Having located "Stuffed Down Cotton" in the listing below, write out its line and every following line exactly, last line included, without the pictures.
===============
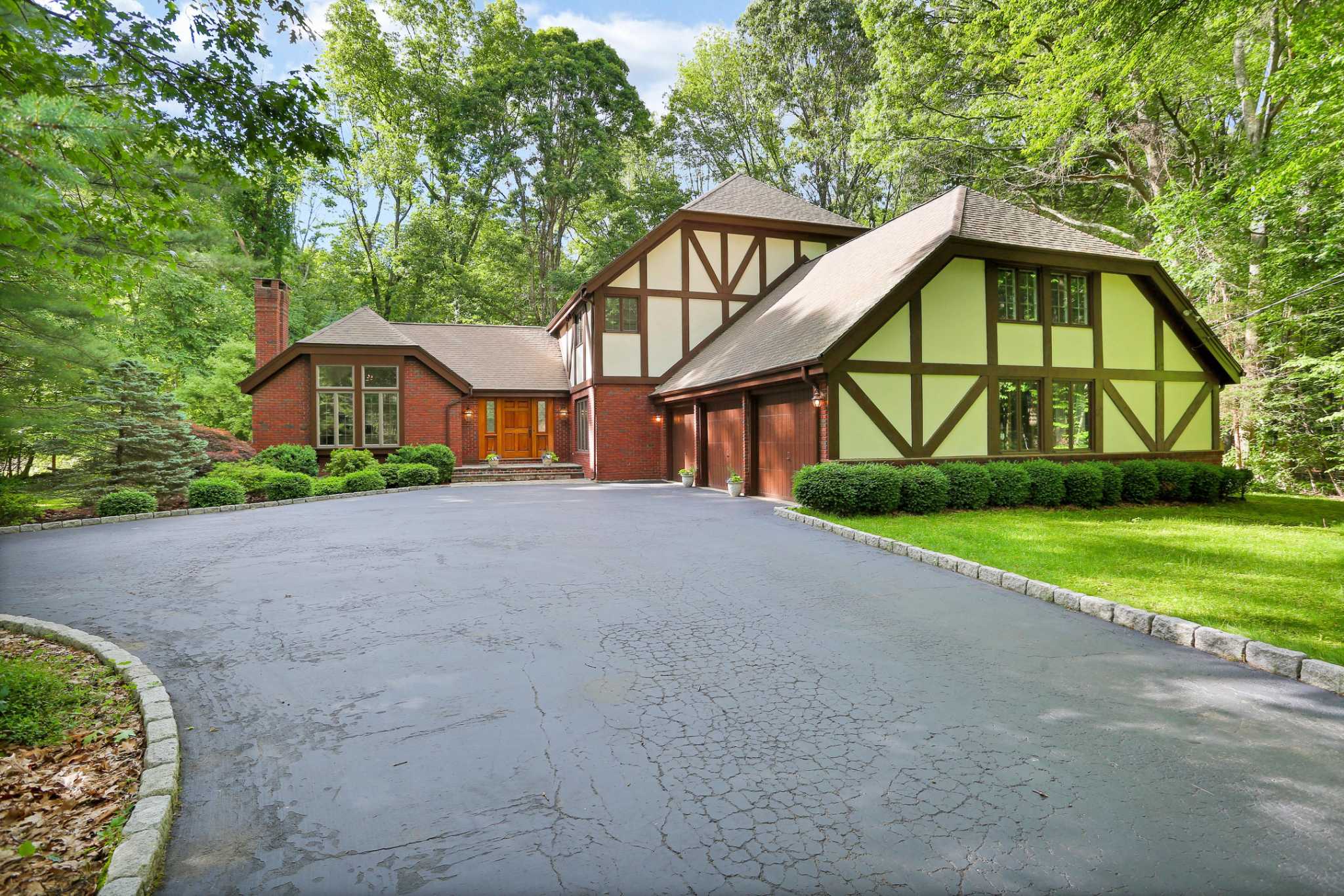 On the Market: Striking Tudor-inspired colonial in Easton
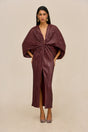 JUNONIA DRESS - BORDEAUX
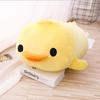 Stuffed Down Cotton Lying Duck Adorable Yellow Duck Plush Playthings designed for Gentle Pillow Cushion Nice Xmas Present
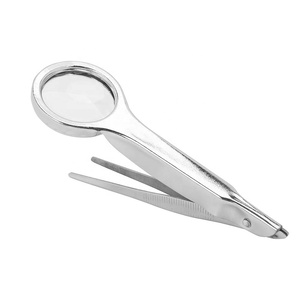 Pinzas de Precisión Profesionales y Duraderas con Punta Lisa de Acero Inoxidable de Grado Quirúrgico, Seguras para la Depilación Facial en Hombres y Mujeres - Product Image 3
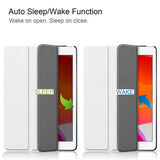 Apple iPad 10,2" (2021 / 2020 / 2019) Flip-deksel i skinn med stativ - hvit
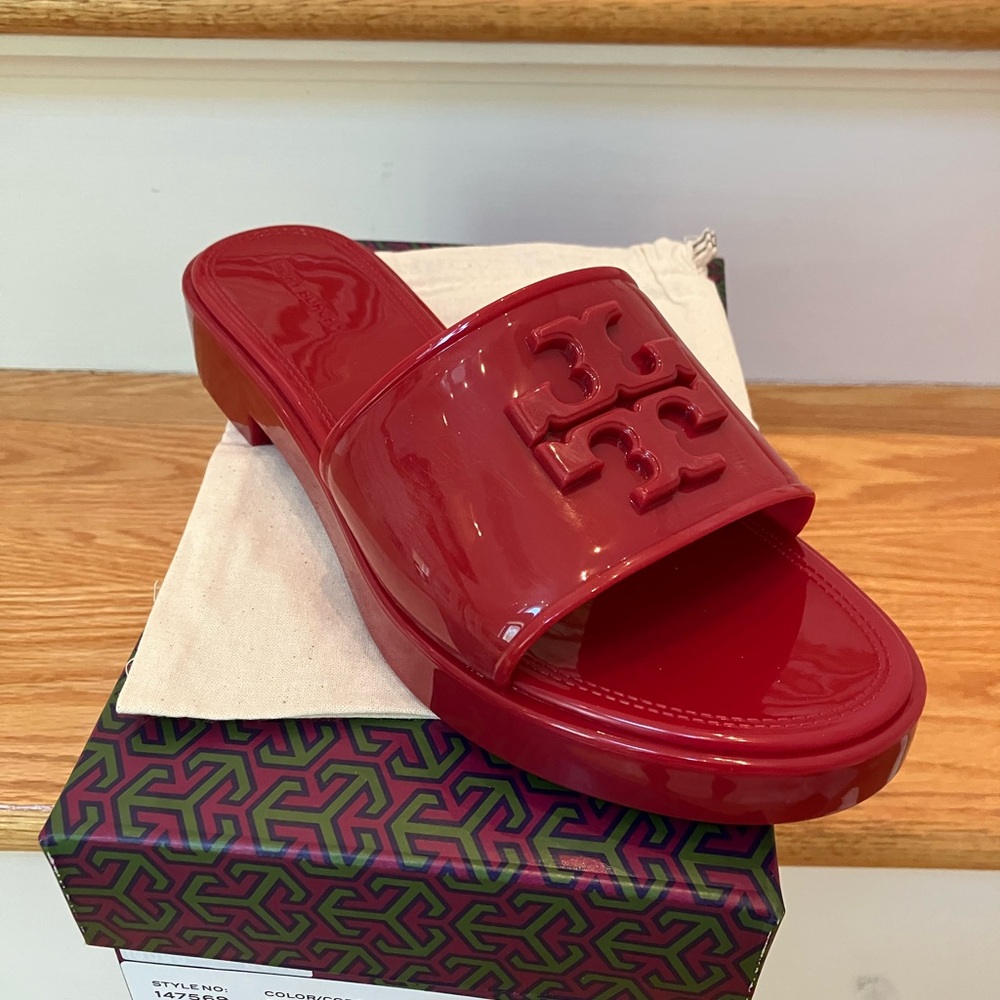 Tory Burch Eleanor Jelly Sandal Tory Red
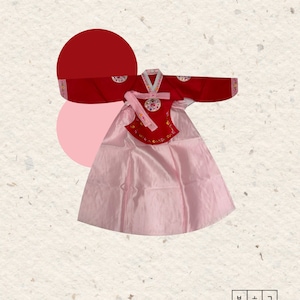 Girl&#39;s Hanbok: Korean Traditional New Year Outfit, Age 10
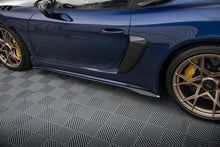 Load image into Gallery viewer, Set di Splitter Porsche Cayman 982c GT4 RS — dettaglio del profilo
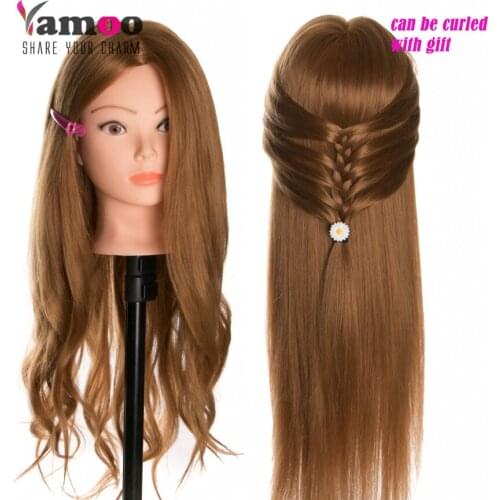 Cosmetology Mannequin Heads with Hair Mannequin Head Maniqui Maniquies Women Female no Makeup Training Hairstyle Cutting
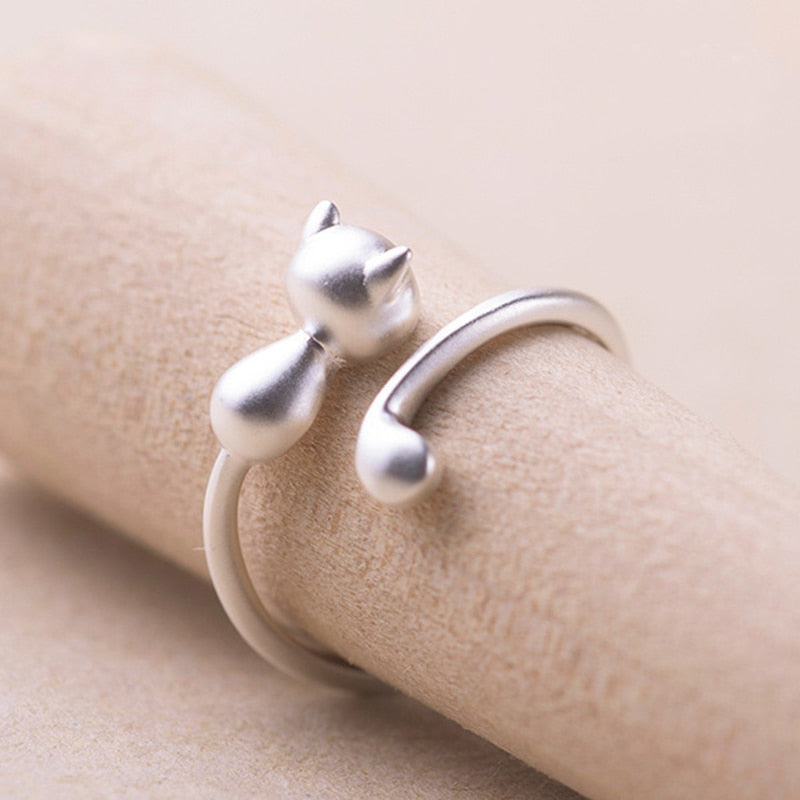 Cute Cat Ring Simplicity Fashion Jewelry
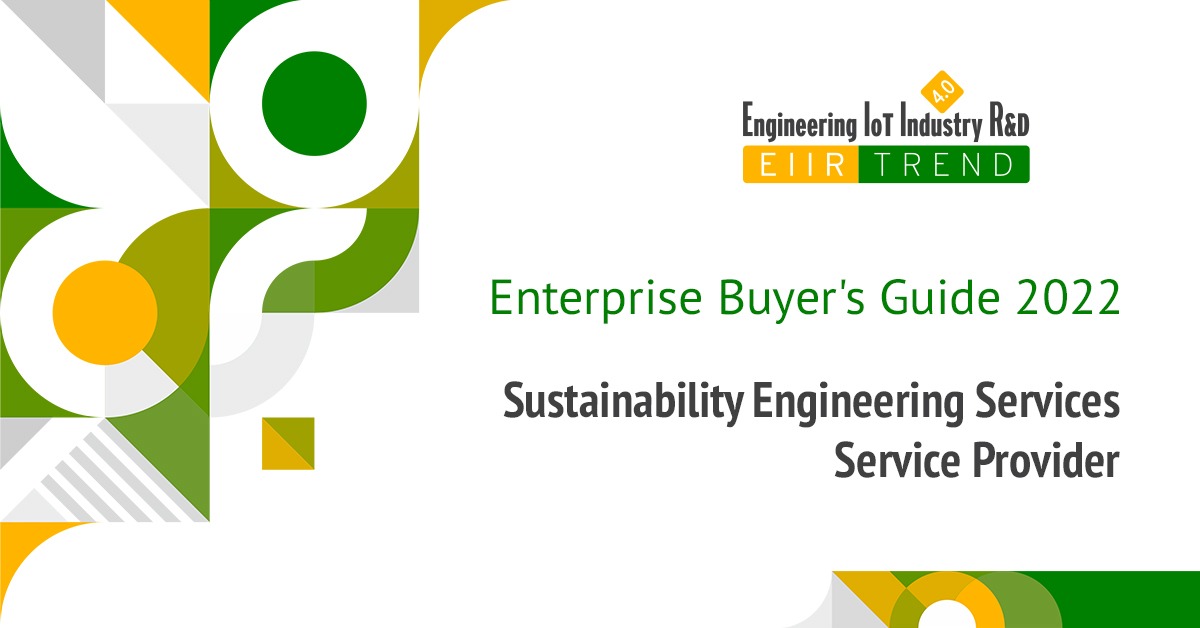 Enterprise Buyers Guide 2022 Sustainability Engineering Service Provider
===============
## Exercise response
 Stuffed Down Cotton Lying Duck Adorable Yellow Duck Plush Playthings designed for Gentle Pillow Cushion Nice Xmas Present
 Pinzas de Precisión Profesionales y Duraderas con Punta Lisa de Acero Inoxidable de Grado Quirúrgico, Seguras para la Depilación Facial en Hombres y Mujeres - Product Image 3
 Apple iPad 10,2" (2021 / 2020 / 2019) Flip-deksel i skinn med stativ - hvit
 Tory Burch Eleanor Jelly Sandal Tory Red
 Girl&#39;s Hanbok: Korean Traditional New Year Outfit, Age 10
 Load image into Gallery viewer, Set di Splitter Porsche Cayman 982c GT4 RS — dettaglio del profilo
 Cosmetology Mannequin Heads with Hair Mannequin Head Maniqui Maniquies Women Female no Makeup Training Hairstyle Cutting
 Cute Cat Ring Simplicity Fashion Jewelry
 Enterprise Buyers Guide 2022 Sustainability Engineering Service Provider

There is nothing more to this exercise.